This review was originally posted on News Cult in March 2018.

Starring: Alicia Vikander, Dominic West, Walton Goggins, Daniel Wu, Kristin Scott Thomas

Director: Roar Uthaug

Running Time: 118 Minutes

Rating: PG-13 for Bloody Violence in Which the Camera Cuts Away Before You See the Worst of It, and Indiana Jones-Style Skin Decomposition

Release Date: March 16, 2018

The latest big screen version of Tomb Raider supposedly justifies its existence by positioning itself as Lara Croft’s origin story, but it could hardly be considered untold, as it is fundamentally derivative of every other entry in the globetrotting action-adventure genre. Even if you have not seen the Angelina Jolie TR films or never played any of the video games (like myself), chances are you will still feel like you have already seen this “new” one. This is basically a video game transferred to a different medium, but without actually adapting it into cinematic form. To wit, Alicia Vikander’s Lara spends most of her time solving puzzles (like arranging rocks to open a cave door) or jumping across platforms (like bouncing around all the boats in a crowded dock to escape some baddies). Again, the conclusion to be drawn is: you’ve seen this all before, better and elsewhere.

The mythology that kicks Tomb Raider’s plot into motion is fairly fascinating: Himiko, Queen of Yamatai, is said to have had power over life and death, with the ability to kill people just by touching them. Lara’s father Richard (Dominic West) has spent much of his life tracking her down. After disappearing for years during his search, he is presumed dead, and an absentee dad is only the first classic genre trope TR makes sure to give us. We also get the timeless purity-vs-profitability conflict, as naturally enough the villain is Richard’s rival archaeologist Mathias Vogel (Walton Goggins), who only cares about getting rich off Himiko’s remains. Furthermore, the climax is essentially Indiana Jones-lite, with giant rolling rocks and unwise choices resulting in consequences akin to drinking from the wrong grail.
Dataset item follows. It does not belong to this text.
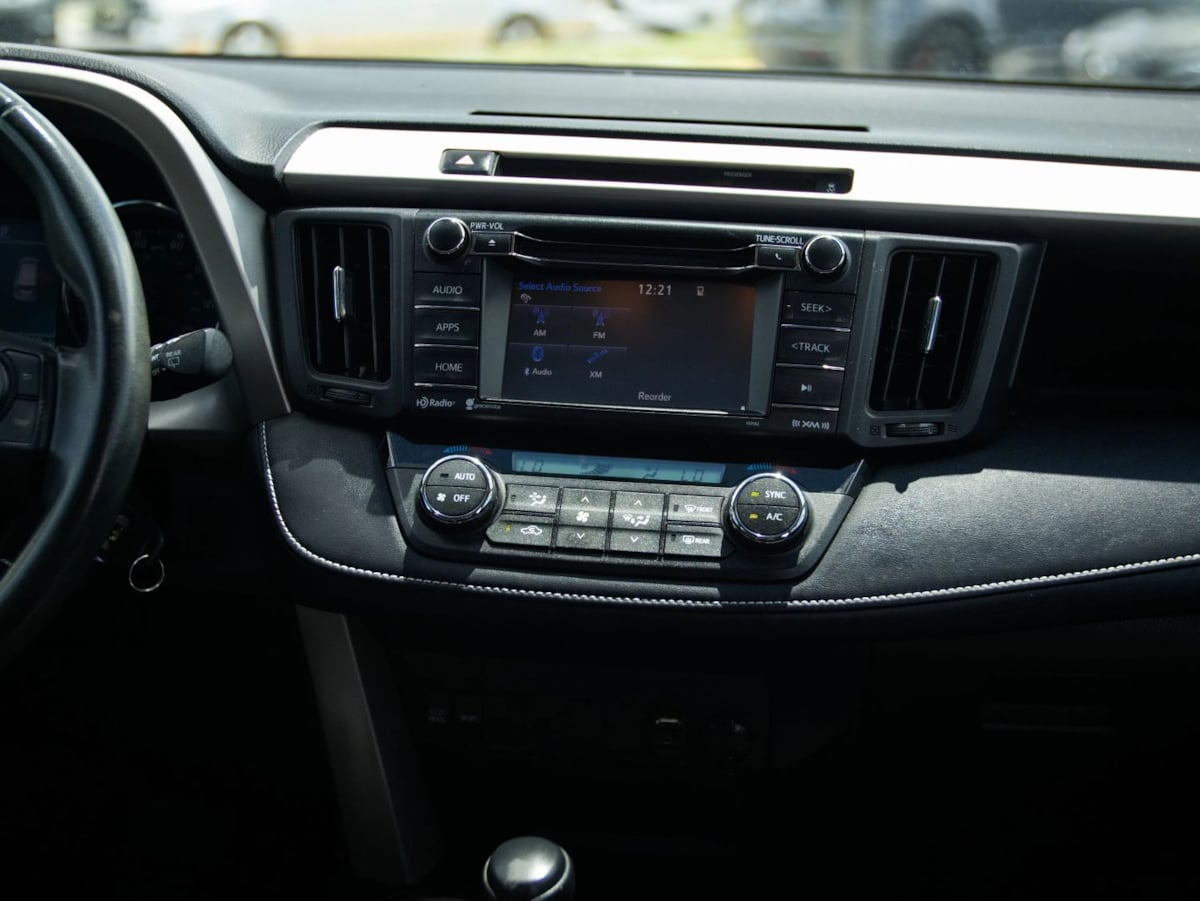 Toyota RAV4 photo 25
But despite all these shortcomings, I must accept that a fundamental aspect of my criticism (and all good criticism, I would argue) is identifying whether or not a film is exciting or boring. And on that score, Tomb Raider kept me engaged enough to feel like it was not a complete waste of time. Plus, it has a decently satisfying feminist bent, as any skin displayed by Lara primarily emphasizes Vikander’s athleticism, and at the moment when she thinks her father is being his most patronizing, he instead compliments her bravery. These are welcome elements, but they are mostly surface level. That shallowness prevents true terribleness, but it also leaves some uncomfortable implications less-than-fully unaddressed. Like, what is Mathias’ deal with wrangling up slave labor? There could have been an opportunity here for indelible villainy, but instead Tomb Raider plays it thoroughly safe.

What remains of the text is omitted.